Eine wirklich gut durchdachte Geschichte über Selbsttötung, Selbstverstümmelung und die Gefühle der Menschen dahinter.
Die Bilder sind klar und ruhig und ohne Hektik. Es gibt kein zurück. Sie bekommt keine Hilfe, sie will keine Hilfe. Ihr eigens erschaffenes Weltbild lässt keinen anderen Ausweg zu - und somit hat sie ihren persönlichen Frieden in der Welt gefunden.


Jingizu (16.03.2012)

Ich kann mich Francis Dille nur anschließen:
perfekter Schlusssatz.
Insgesamt eine schöne traurige Geschichte


Autumndreamer (12.03.2012)

Wirklich schaurig. Es ist schlimm, dass es immer wieder Menschen gibt, die keinen anderen Ausweg sehen.

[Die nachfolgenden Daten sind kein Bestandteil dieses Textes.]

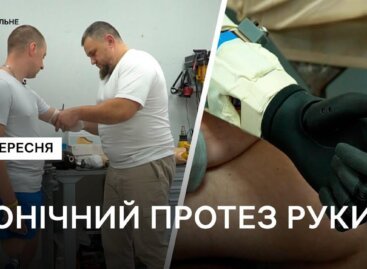 “Треба жити далі”: історія українського воїна Михайла Юрчука, якому встановили біонічний протез (ФОТО, ВІДЕО)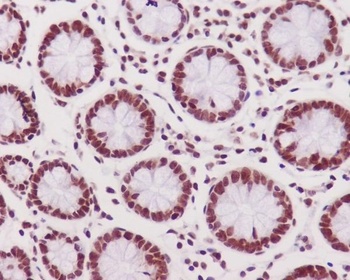 Phospho-DNA PKcs (S2056) PRKDC Rabbit Monoclonal Antibody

Du hast diese Problematik treffend beschrieben und sie sehr anschaulich gemacht. Vielen Dank dafür. Wir Menschen dürfen das nicht vergessen!

Andreas Tröbs (10.03.2012)

Eine tieftraurige short story super geschrieben.

Else08 (30.01.2012)

Die Sonne wird wieder erwachen. Sie nicht mehr.
Der perfekte Schlußsatz deiner Story.